I've often been asked where to go to college as an undergraduate to study cryptography. Basically, it doesn't matter. The math education you need can be gotten from any good math department. Note: "good math department" means a place where mathematical proofs are emphasized. There are liberal arts colleges where proofs only appear in the last year or so; this is a bad idea. Some colleges offer courses in cryptography or computer security -- see my homepage for a partial list of college courses -- but in the end it really doesn't matter.

To the college student, study mathematics. Get a degree in either math or computer science, but study mathematics. Take math courses for math majors, not math courses for engineers.
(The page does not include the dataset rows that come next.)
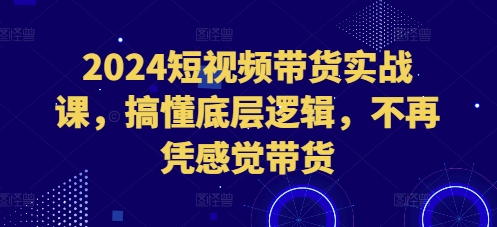 2024短视频带货实战课，搞懂底层逻辑，不再凭感觉带货-云创项目库
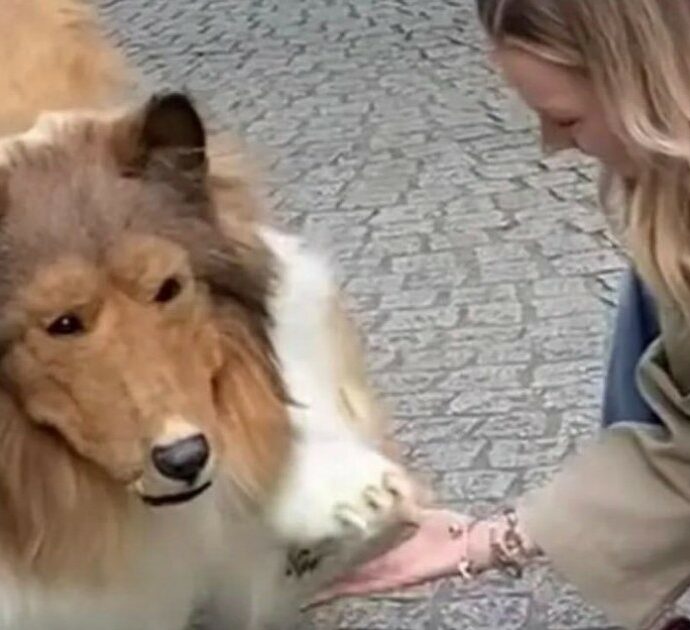 L’uomo che si è trasformato in un cane ha deciso di cambiare vita: “Potrei diventare un panda o un orso”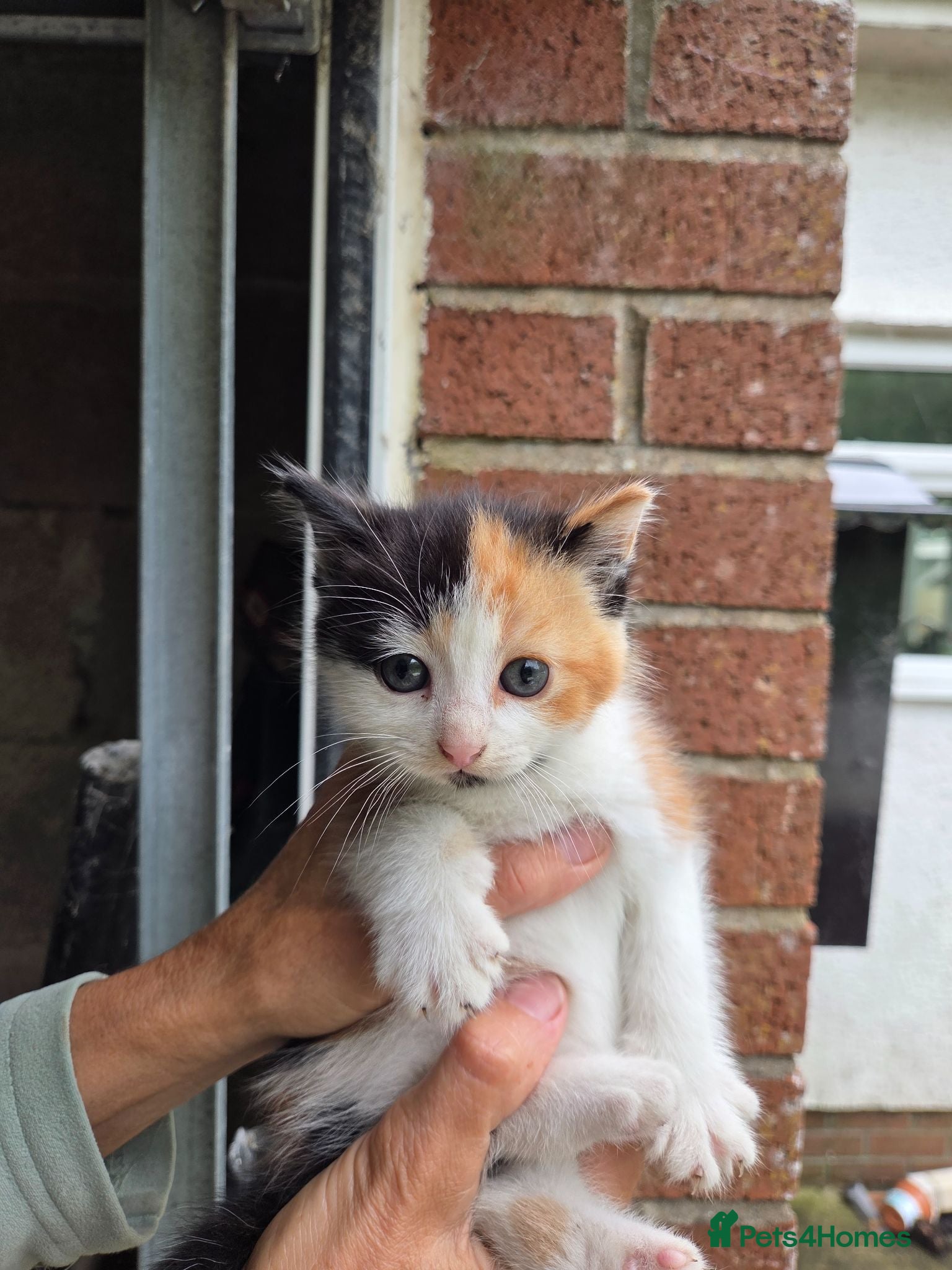 Mixed Breed cats Ginger girls and tortashell Kittens male & female  - Advert 1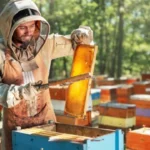 Sustainable Hotel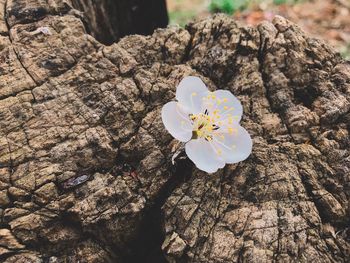 Close-up of cherry blossom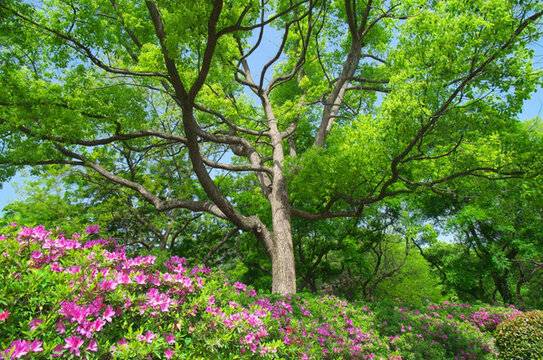 初春森林公園園林景觀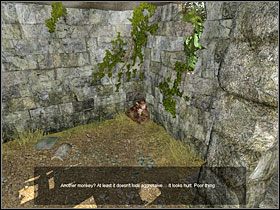 4 - 13 Ruiny | Return to Mysterious Island: Powrót na Tajemniczą Wyspę - Return to Mysterious Island: Powrót na Tajemniczą Wyspę - poradnik do gry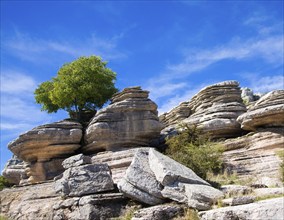 Dramatic limestone scenery of rocks shaped by erosion and weathering at El Torcal de Antequera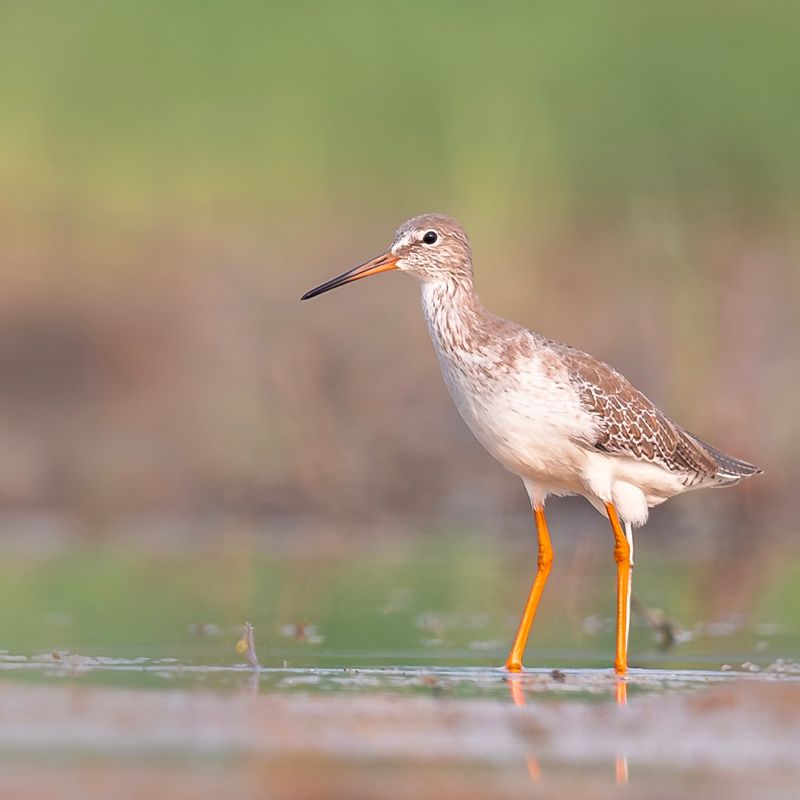 Common Redshank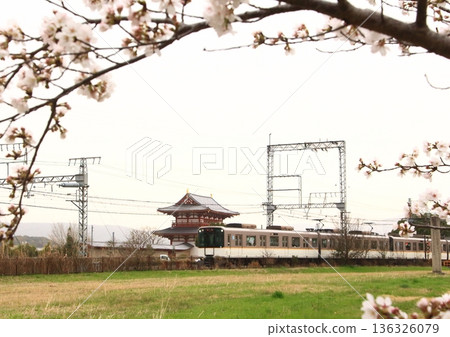 近鐵列車駛過修復後的朱雀門，奈良平城宮遺址的櫻花盛開。 136326079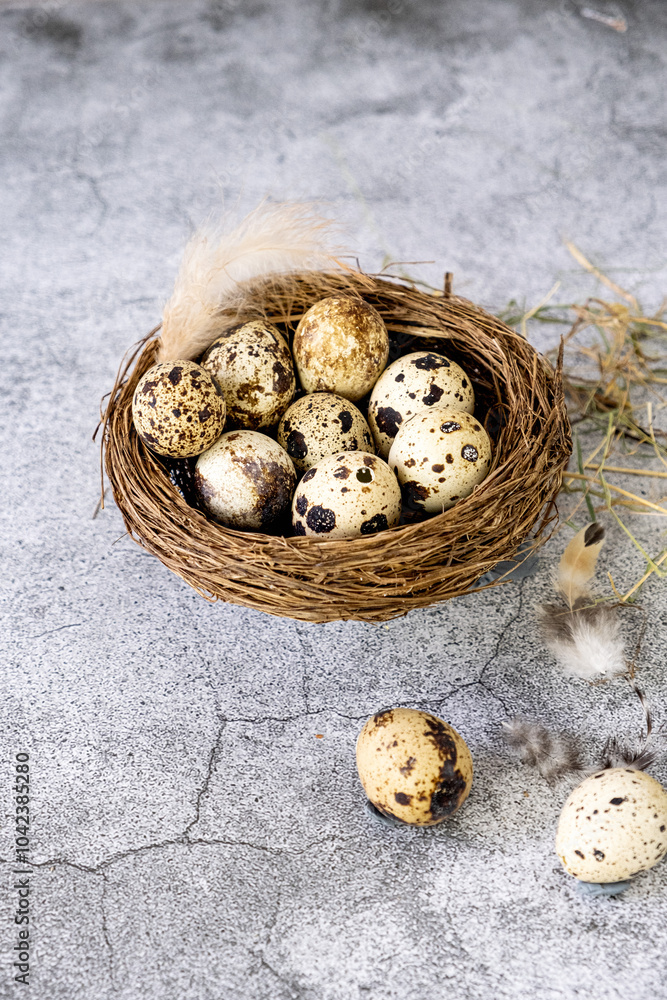 Fresh quail eggs. Rustic style Fresh quail eggs. Rustic style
Learn how to think about mathematics; learn how to prove theorems. Try to take courses in number theory, complexity theory (often offered out of the computer science department), algorithms, statistics, and abstract algebra. Cryptography uses number theory, but cryptography uses ideas from many varied areas of mathematics. In fact, one of the most interesting aspects of cryptography is that the great ideas come from all over mathematics. Cryptographers need broad knowledge of mathematics; this is the only way that new connections are made and really original ideas are found.

Vital computer science courses include algorithm design, computational complexity, and theory of computation. Some colleges offer an undergraduate course in cryptography; take it. Keep reading books on cryptography: _The Handbook of Applied Cryptography_ by Alfred J. Menezes, Paul C. van Oorschot, and Scott A. Vanstone, or Doug Stinson's _Cryptography: Theory and Practice_. All of these books have many, many references. If something interests you, find the reference and read it. Take computer science courses; read books about computer security. Again, chase down references if something interests you.
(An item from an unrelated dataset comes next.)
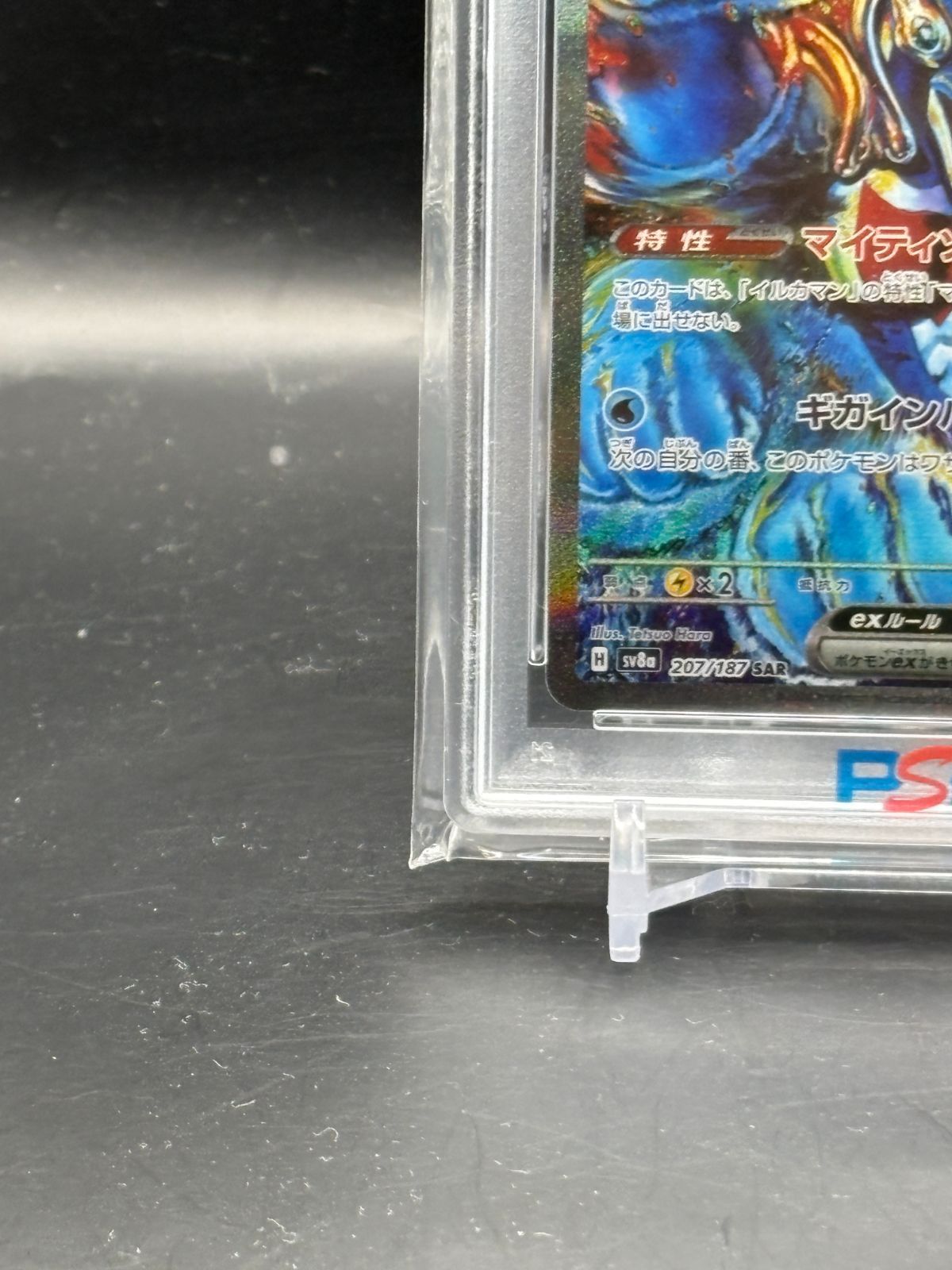PSA10】ポケモンカードゲームテラスタルフェス収録 イルカマンex sv8a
When choosing a graduate school, choose one that has an expertise in cryptography. Things can change quickly in the academic world so I don't want to give a list of schools (you can start with MIT and Waterloo), but they're out there. Many are outside the U.S., so be open to going to a graduate school in a different countary than you're from. One way to make a list of potential graduate schools is to look for research papers that interest you. Look at where the authors teach. When you get to graduate school, your advisor will give you far more advice on becoming a cryptographer than I ever can.

And finally, advice to people who are beyond school and working. You have two options. One, you can go back to graduate school, either full or part time. Two, you can mimic the process by yourself, without benefit of a research institution or an advisor. You can read a lot; you can apprentice yourself. If you have a good mathematics background, you can teach yourself cryptography. This option is much harder, but it is possible.

No matter where in life you are, you should try to figure out what it means to be a cryptographer. Read the existing literature to get a feel for what sort of questions cryptographers ask, how they go about answering them, and what sorts of questions are still to be answered. Find problems that you can understand, and try to solve them. Don't worry that you're "reinventing the wheel" and solving things that have already been solved; that's what learning is about. I have written a "Self-Study Course in Block Cipher Cryptanalysis" that attempts to lay out problems for a cryptography student to tackle; you can try to solve problems in any area of cryptography.

Leaning to be a cryptographer is not easy, and it makes sense to question whether that is what you really want to do. Luckily, the process has many points where you can decide to change your mind. And as I said in the beginning, many people who say they want to be cryptographers actually want to be security engineers. While the requirements for a security engineer are much the same -- read books, read research papers, take classes, learn cryptography and how it's used -- a PhD is not required.